Paper ID: 501
Title: Low-rank matrix reconstruction and clustering via approximate message passing
Reviews

Submitted by Assigned_Reviewer_2

Q1: Comments to author(s). First provide a summary of the paper, and then address the following criteria: Quality, clarity, originality and significance. (For detailed reviewing guidelines, see http://nips.cc/PaperInformation/ReviewerInstructions)
The authors present an algorithm for matrix reconstruction under noisy observations. The particular setting looks at low-rank matrices with additional assumptions on the factors and uses an Approximate Message Passing approach in order to speed up the classical, computationally expensive, Bayesian approach. The authors also connect matrix reconstruction with K-means clustering, which is an interesting application domain for the proposed algorithms.

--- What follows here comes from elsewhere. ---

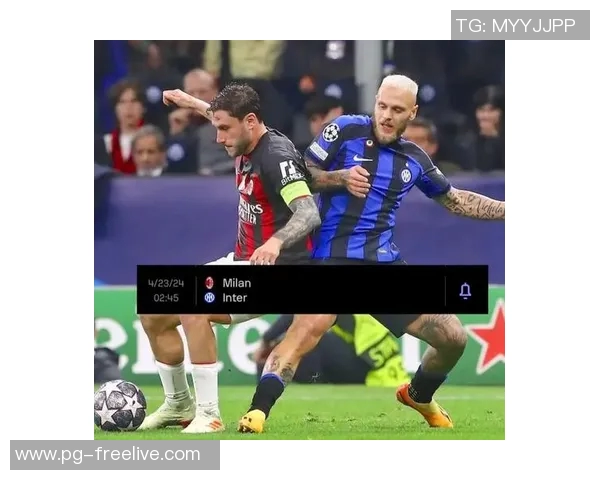 中超精彩对决国米大胜波尔图引发转会热议与球迷狂欢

To the best of my knowledge, the Approximate Message Passing approach for matrix reconstruction is novel and interesting. The connections between low-rank matrix factorizations and K-means are fairly well-known (e.g., PCA provides a factor two approximation algorithm for K-means). However, this allows the authors to provide a nice experimental evaluation of their algorithms and compare them to k-means and k-means ++. Interestingly, their approach seems faster and more efficient than classical k-means and k-means ++ according to their empirical data. The authors compare both the Frobenius norm residual, as well as the actual clusterings, which is a nice feature of their experimental evaluations.

The main weak point of the paper is that the proposed algorithm comes with few theoretical guarantees in terms of convergence. This is to be expected, since many other algorithms for K-means also have only weak properties. The authors might want to at least cite more papers in Theoretical Computer Science that provide provably accurate algorithms for the K-means objective function.
Q2: Please summarize your review in 1-2 sentences
A solid paper presenting Approximate Message Passing algorithms for low-rank matrix reconstruction and k-means. Promising experimental evaluation, somewhat weak theoretical results.

Submitted by Assigned_Reviewer_4

Q1: Comments to author(s). First provide a summary of the paper, and then address the following criteria: Quality, clarity, originality and significance. (For detailed reviewing guidelines, see http://nips.cc/PaperInformation/ReviewerInstructions)
Review of "Low-rank matrix reconstruction and clustering"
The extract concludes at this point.